Booth played the lead role in a 2010 BBC drama about Boy George, which brought him to the attention of critics, and also modelled for Burberry. He was Pip in the BBC’s Great Expectations, he was Romeo in a version of Romeo and Juliet scripted by Fellowes, and he was in Jupiter Ascending which, you know, it’s not his fault. Big sci-fi epic by the … siblings who made The Matrix. A young actor’s going to take that, isn’t he? Anyway, Sean Bean was in it and he really should have known better.
Everyone has to start somewhere, and here is where Douglas Booth started. In years to come, maybe when he’s picking up his third Oscar, people are going to be saying: "What’s this on his IMDB page? Hunters of the Kahri, starring lots of people who never made another movie? Must be the Inaccurate Movie Database up to its old tricks." But it’s not. Is there evidence of Booth's talent here? Well, he can clearly act, which many of the cast equally clearly can't, but frankly Kenneth Branagh couldn't make a script like this work, especially with these production values and the abundant non-direction.
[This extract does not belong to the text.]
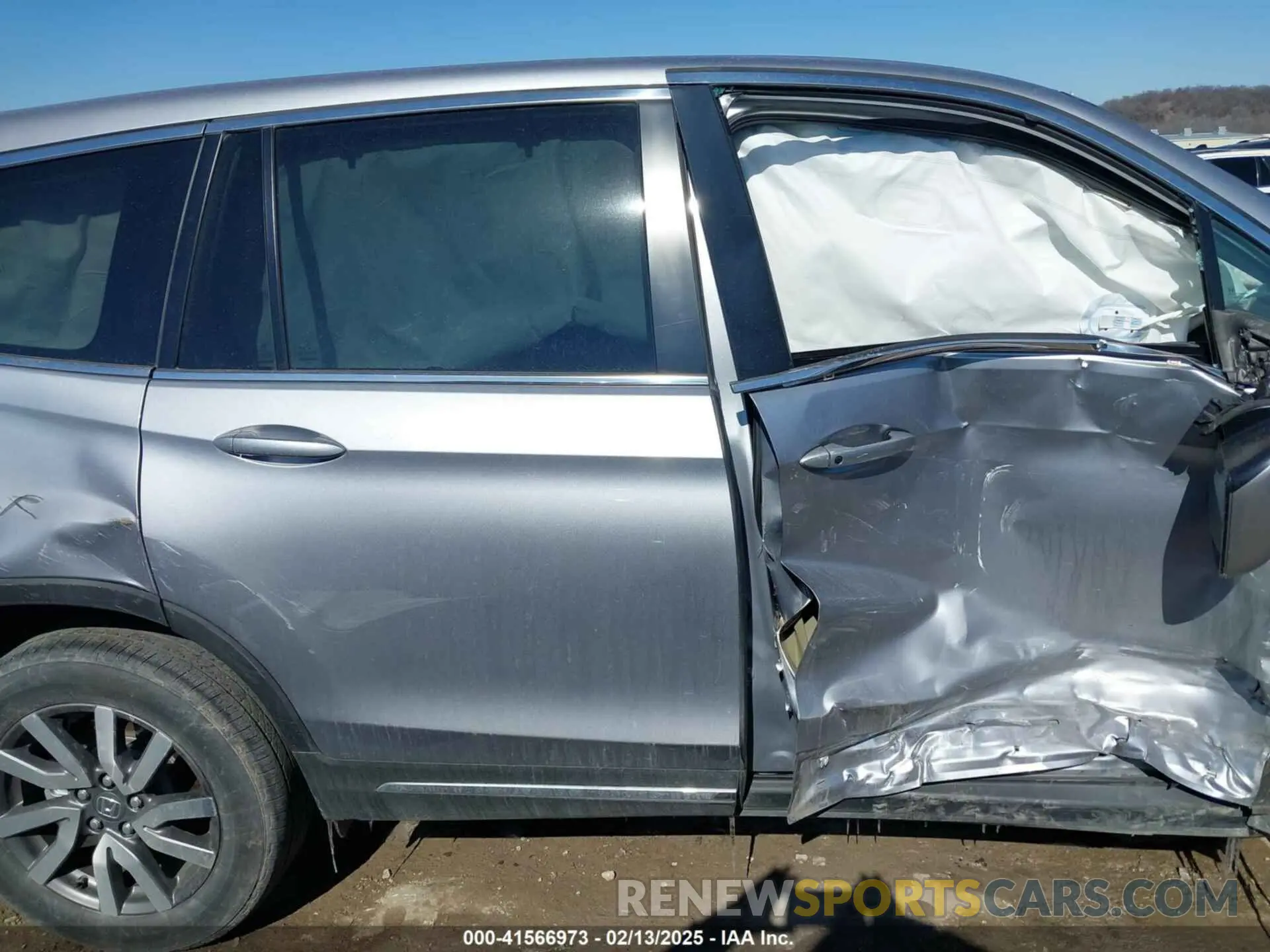 13 Photograph of a damaged car 5FNYF6H54NB018613 HONDA PILOT 2022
Since when Paterson seems to have concentrated on corporate stuff about finance. Which is where the money is, in more ways than one.
Hunters of the Kahri, according to Paterson’s page on Casting Call Pro, features “horses, CGI creatures, battles and choreographed fight sequences”. Just to be clear, there is one shot of someone (dressed in white so it might be bathrobe guy) riding a horse. There are indeed several choreographed sword fights. In at least one of these, the sounds of battle have been added to the soundtrack to try and give the impression of a larger conflict. (It doesn’t work, but at least those bloody songbirds shut up for a bit.)
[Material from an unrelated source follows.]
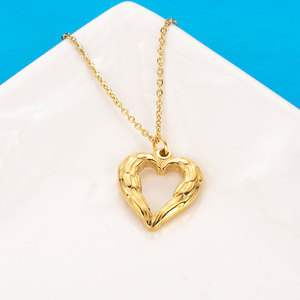 Collana con ciondolo <span class=keywords><strong>piccolo</strong></span> da donna con <span class=keywords><strong>cuore</strong></span> aperto in acciaio inossidabile placcato oro all'ingrosso - Product Image 5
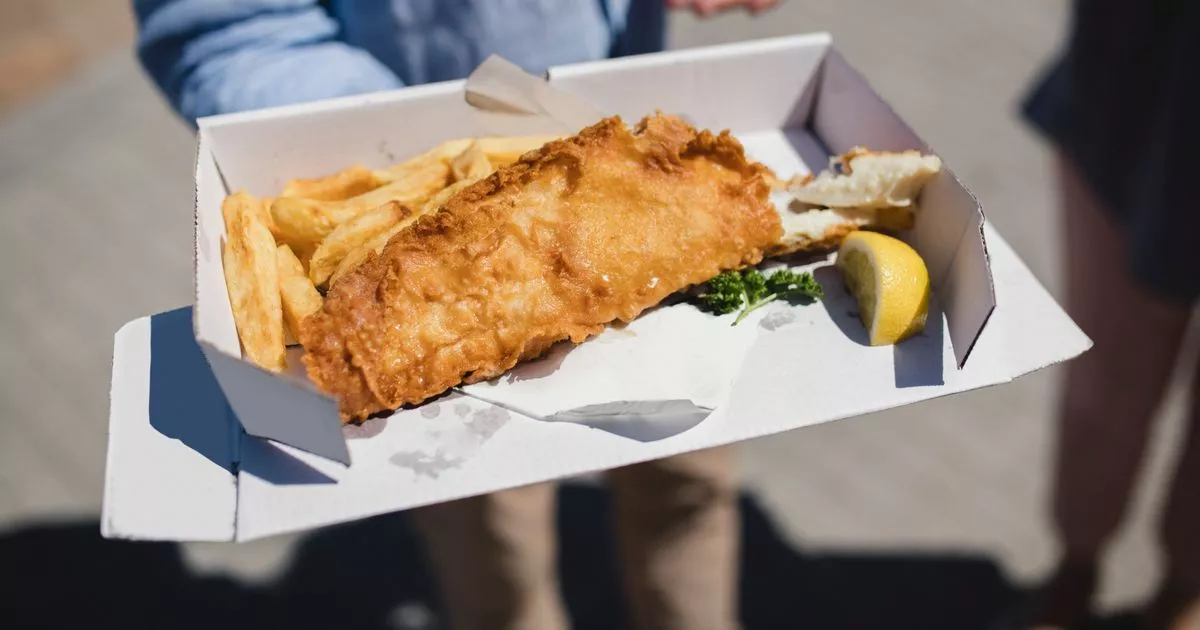 Glasgow is one of the cheapest places for fish and chips with average price of £10.37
There are however absolutely no CGI creatures, or CGI anything, or any sort of creatures. Apart from a fallow deer that wanders past the camera about 90 minutes in. If that’s CGI it’s bloody good.
Watching these things so you don’t have to. And thanks for sharing, Mr P. Genuinely appreciated, just so I can knock this off my list.
Oh. If you’re wondering, the Kahri is some sort of precious stone they’re all after. I think.